Gehen Sie, dann trinken wir weiter Tee! Etigelov wartet!“
Man führt uns in den schönsten, buntesten und mit den
aufwändigsten Schnitzereien verzierten Tempel auf dem Gelände, dessen Türen nur
acht Mal jährlich geöffnet werden oder für besondere Gäste. Gegenüber des
Eingangs, dort wo normalerweise die große Statue Buddhas oder einer sonstigen
Gottheit sitzt, thront in Meditationspose eine Art Mumie, ein einbalsamierter
Körper, der den Betrachter aus blinden Augenhöhlen merkwürdig anblickt.

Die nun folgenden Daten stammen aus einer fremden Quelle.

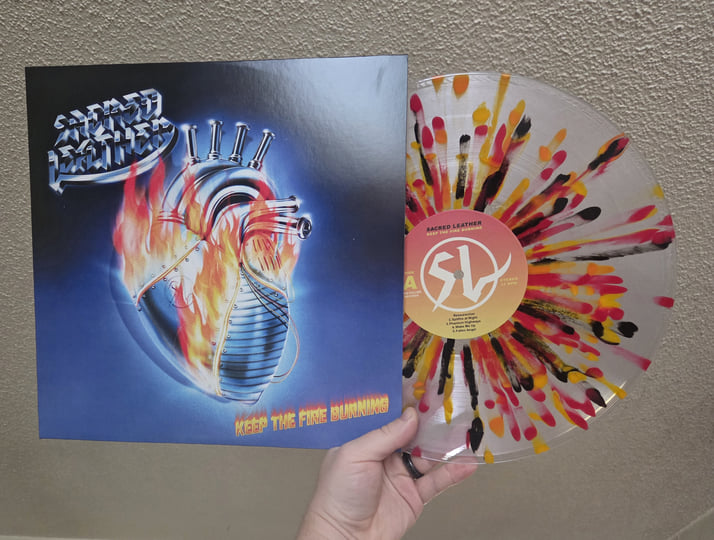 Keep the Fire Burning | Sacred Leather | Wise Blood Records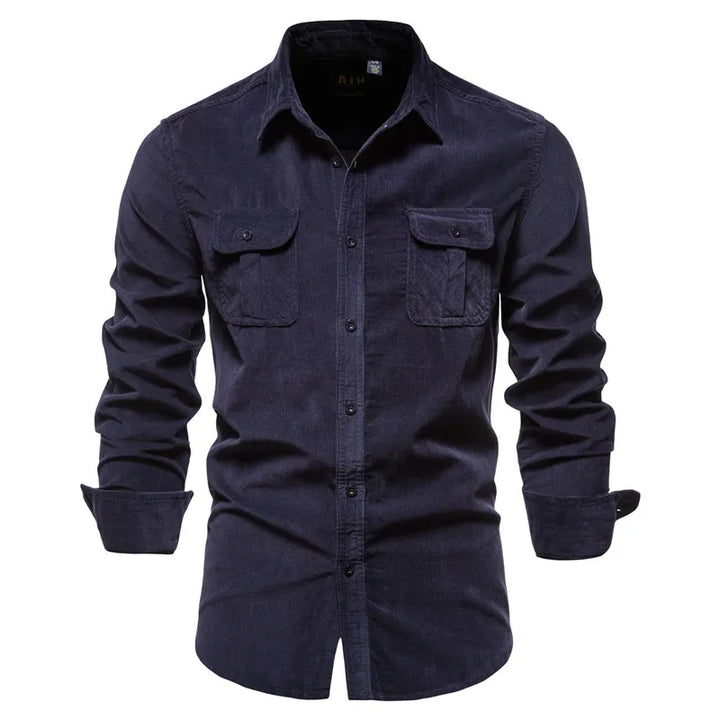 Well-Fit Organic Cotton Corduroy Shirt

„Haben Sie mit ihm gesprochen?“, will der Pandito Chamba
Lama wissen, als wir an den Tisch in seinem Haus zurückgekehrt sind, „Haben Sie
etwas gefragt? Jeden Tag gibt er eine Lehrstunde, und wir veröffentlichen diese
auf Facebook.“ Zwei weitere Gäste sind inzwischen dazugekommen, den einen
erkenne ich von einem Foto im Wahllokal wieder, der Kandidat der
kommunistischen Partei, der am Sonntag aber leider nur fünf Prozent der Stimmen
bekam. „Wir konnten die Macht nicht friedlich bekommen, also müssen wir eine
Revolution machen!“, sagt der Kommunist, und mir ist unklar, inwieweit es ernst
gemeint ist und ob ich es dolmetschen soll. „Übersetzen Sie nicht, was er sagt, der hat doch einen Vogel“,
ruft der Lama und tippt sich mit dem Zeigefinger an die Stirn. Die Stimmung ist
ausgelassen, man kennt sich offensichtlich gut.
Herr von Gayling übergibt ein paar Souvenirs aus Freiburg,
man plaudert über Geschichte; Anfang der zwanziger Jahre war schon einmal ein
deutschstämmiger Baron in der Baikalregion, Ungern von Sternberg, der
vergeblich gegen die Bolschewiken kämpfte. Ich verlasse die Residenz des XXIV.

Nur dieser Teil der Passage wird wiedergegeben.